Required work: Omit every picture and return the rest of the data unaltered.

Exercise data:
---------------
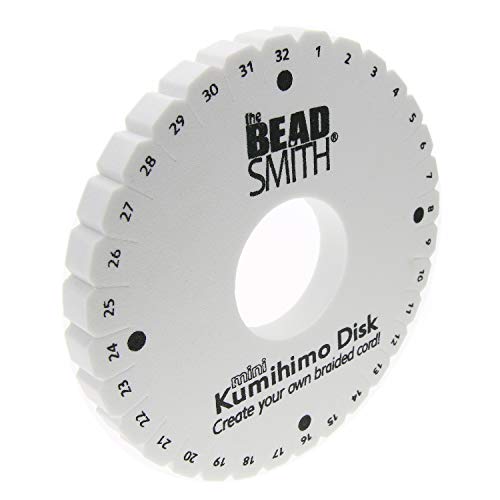 The Beadsmith Round Kumihimo Disk, 4.5 Inch Diameter, 3/8” Thick Dense Foam, Jewelry Tools For Braiding, 1 Disks #TOP2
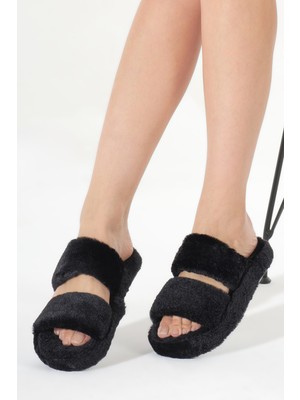Tonny Black Kadın Siyah Çift Bantlı Peluş Ev Terliği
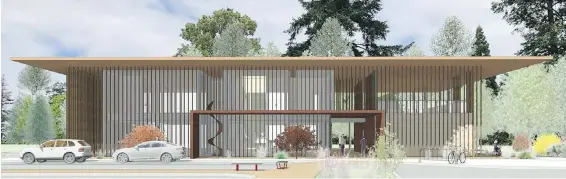  ??  ?? An artist’s rendering of a multi-purpose, 5,000-square-foot building that would blend in with a revitalize­d Japanese garden in Esquimalt Gorge Park.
---------------
Exercise answer:
 The Beadsmith Round Kumihimo Disk, 4.5 Inch Diameter, 3/8” Thick Dense Foam, Jewelry Tools For Braiding, 1 Disks #TOP2
Tonny Black Kadın Siyah Çift Bantlı Peluş Ev Terliği
  ??  ?? An artist’s rendering of a multi-purpose, 5,000-square-foot building that would blend in with a revitalize­d Japanese garden in Esquimalt Gorge Park.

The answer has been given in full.